Free-text object descriptions
[Start of section]
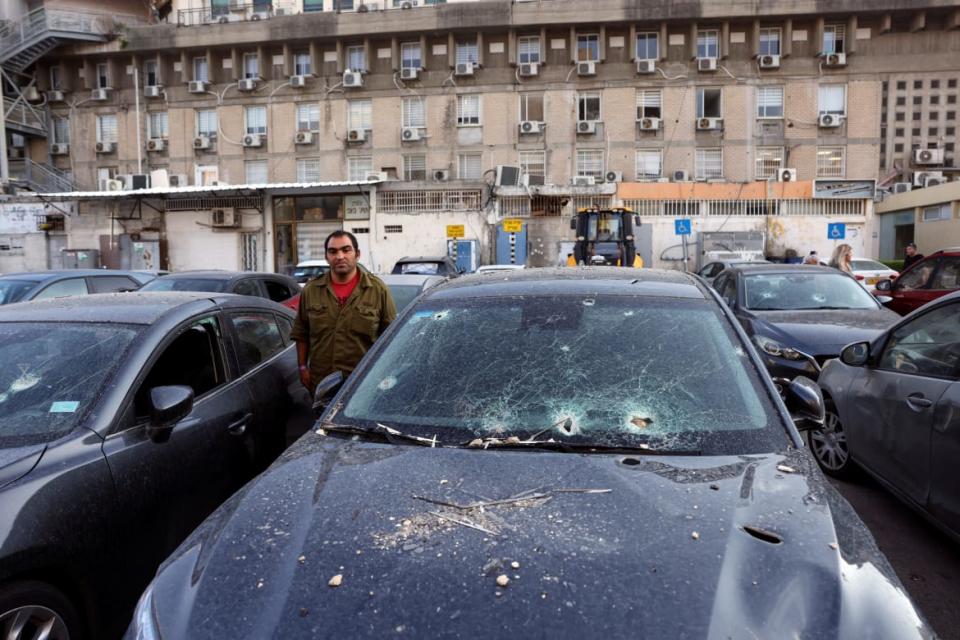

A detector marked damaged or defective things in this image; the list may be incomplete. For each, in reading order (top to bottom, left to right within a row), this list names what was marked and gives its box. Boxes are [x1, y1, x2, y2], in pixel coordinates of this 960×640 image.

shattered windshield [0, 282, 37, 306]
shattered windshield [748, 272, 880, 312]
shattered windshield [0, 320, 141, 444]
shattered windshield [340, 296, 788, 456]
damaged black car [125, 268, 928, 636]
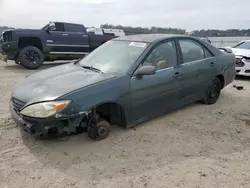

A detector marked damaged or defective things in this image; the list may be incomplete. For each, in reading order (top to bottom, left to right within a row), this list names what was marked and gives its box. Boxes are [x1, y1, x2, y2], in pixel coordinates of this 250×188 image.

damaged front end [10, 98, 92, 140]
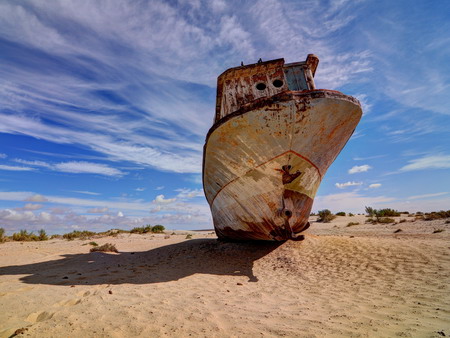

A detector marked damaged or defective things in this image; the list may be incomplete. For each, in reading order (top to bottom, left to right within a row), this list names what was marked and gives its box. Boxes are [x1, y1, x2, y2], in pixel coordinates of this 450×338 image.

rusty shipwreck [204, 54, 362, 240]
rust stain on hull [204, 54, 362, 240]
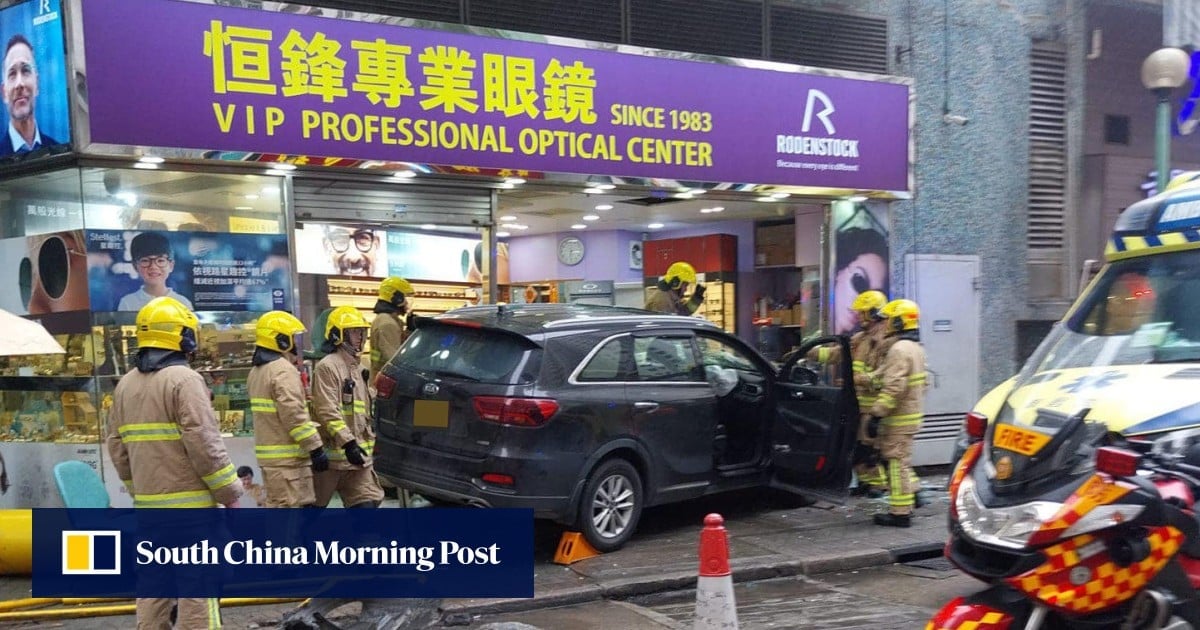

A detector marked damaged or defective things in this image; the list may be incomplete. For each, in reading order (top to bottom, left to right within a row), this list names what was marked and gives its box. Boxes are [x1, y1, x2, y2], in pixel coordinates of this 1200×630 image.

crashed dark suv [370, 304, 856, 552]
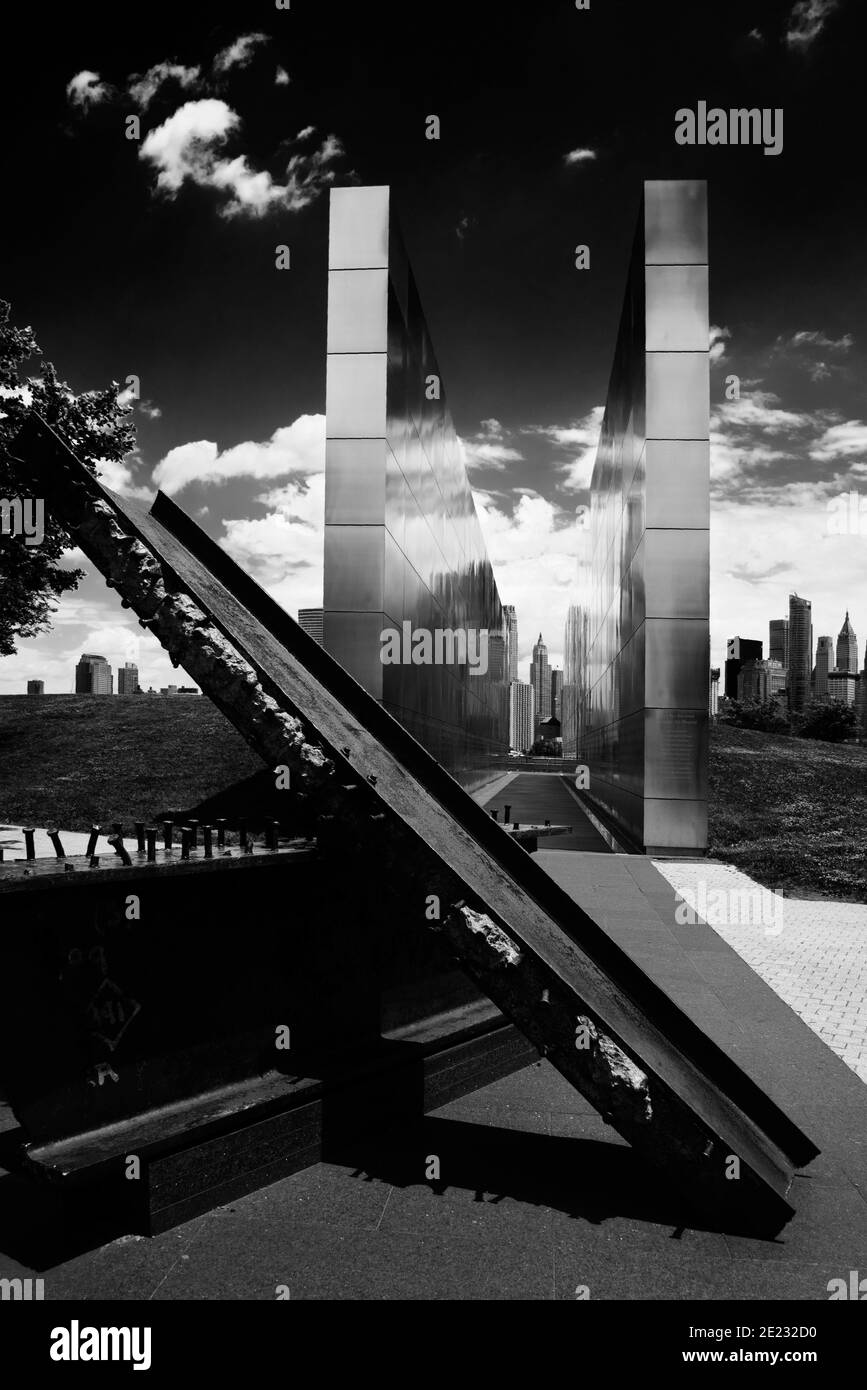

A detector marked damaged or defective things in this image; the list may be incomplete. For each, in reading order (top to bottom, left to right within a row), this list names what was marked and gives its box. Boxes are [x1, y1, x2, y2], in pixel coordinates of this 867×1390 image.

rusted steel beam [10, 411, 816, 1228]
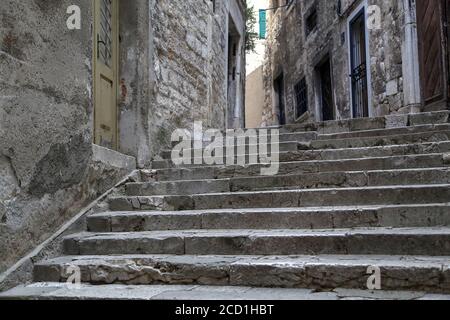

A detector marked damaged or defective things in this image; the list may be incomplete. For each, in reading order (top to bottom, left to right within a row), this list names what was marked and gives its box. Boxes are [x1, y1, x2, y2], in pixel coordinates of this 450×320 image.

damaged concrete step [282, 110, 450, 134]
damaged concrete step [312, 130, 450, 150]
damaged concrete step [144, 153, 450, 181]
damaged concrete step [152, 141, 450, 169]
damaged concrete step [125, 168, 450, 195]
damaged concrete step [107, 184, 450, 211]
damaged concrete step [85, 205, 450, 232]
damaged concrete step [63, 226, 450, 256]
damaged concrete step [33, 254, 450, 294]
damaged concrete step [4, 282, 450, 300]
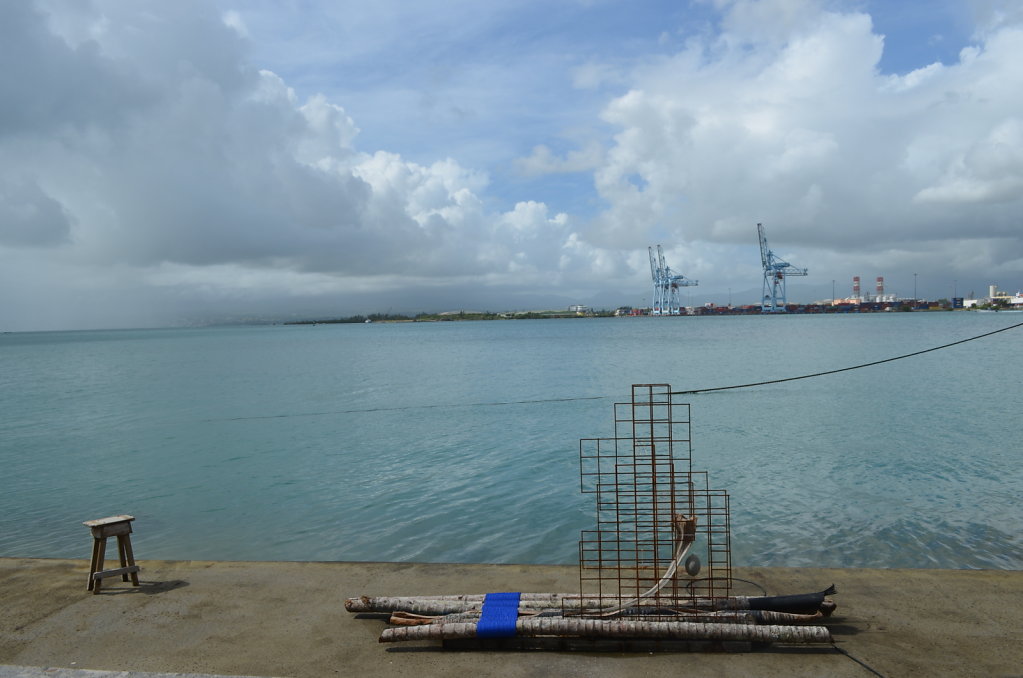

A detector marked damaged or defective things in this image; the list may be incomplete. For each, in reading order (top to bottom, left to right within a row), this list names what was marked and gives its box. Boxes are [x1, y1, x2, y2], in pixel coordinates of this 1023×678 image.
[End of section]
Drop the images and return the data verbatim.

A detector marked damaged or defective things in this image; the list may be incomplete. For each, in reading order (top to bottom, left to right within a row), this list names what was marked and gives its box. Boxes are [x1, y1, x2, y2], in pixel coordinates of this 960×640 image.

shattered windshield [0, 282, 37, 306]
shattered windshield [748, 272, 880, 312]
shattered windshield [0, 320, 141, 444]
shattered windshield [340, 296, 788, 456]
damaged black car [125, 268, 928, 636]

A detector marked damaged or defective things in this image; the list may be incomplete. For each, in reading order (top to bottom, left to right within a row), this list names what was marked and gives its box. Boxes are [x1, y1, x2, y2], in pixel coordinates of this 250×188 image.

damaged front end [10, 98, 92, 140]

A detector marked damaged or defective things in this image; the list may be incomplete. For each, in reading order (top to bottom, left to right within a row), this list names what was marked and gives its box. Boxes are [x1, y1, x2, y2], in pixel coordinates of this 450×338 image.

rusty shipwreck [204, 54, 362, 240]
rust stain on hull [204, 54, 362, 240]

A detector marked damaged or defective things in this image; the list may be incomplete. For each, in reading order (top to bottom, left to right within a row), this list names what was marked and gives its box. Boxes are [x1, y1, x2, y2], in pixel coordinates of this 1200×630 image.

crashed dark suv [370, 304, 856, 552]

A detector marked damaged or defective things in this image; the list may be incomplete. For each, in reading order (top to bottom, left to right within a row), this list names what was marked and gives its box. Boxes are [x1, y1, x2, y2], in pixel coordinates of this 867×1390 image.

rusted steel beam [10, 411, 816, 1228]

A detector marked damaged or defective things in this image; the list may be incomplete. For each, in reading order (top to bottom, left to right within a row), this list names what was marked and gives its box. Boxes are [x1, y1, x2, y2], in pixel coordinates of this 450×320 image.

damaged concrete step [282, 110, 450, 134]
damaged concrete step [312, 130, 450, 150]
damaged concrete step [144, 153, 450, 181]
damaged concrete step [152, 141, 450, 169]
damaged concrete step [125, 168, 450, 195]
damaged concrete step [107, 184, 450, 211]
damaged concrete step [85, 205, 450, 232]
damaged concrete step [63, 226, 450, 256]
damaged concrete step [33, 254, 450, 294]
damaged concrete step [4, 282, 450, 300]

A detector marked damaged or defective things in this image; the list may be incomplete. For each, in reading order (top to bottom, left to right within a row), this list names what was marked and gives its box. Boxes are [x1, y1, x2, y2], in pixel coordinates of this 1023×678 image.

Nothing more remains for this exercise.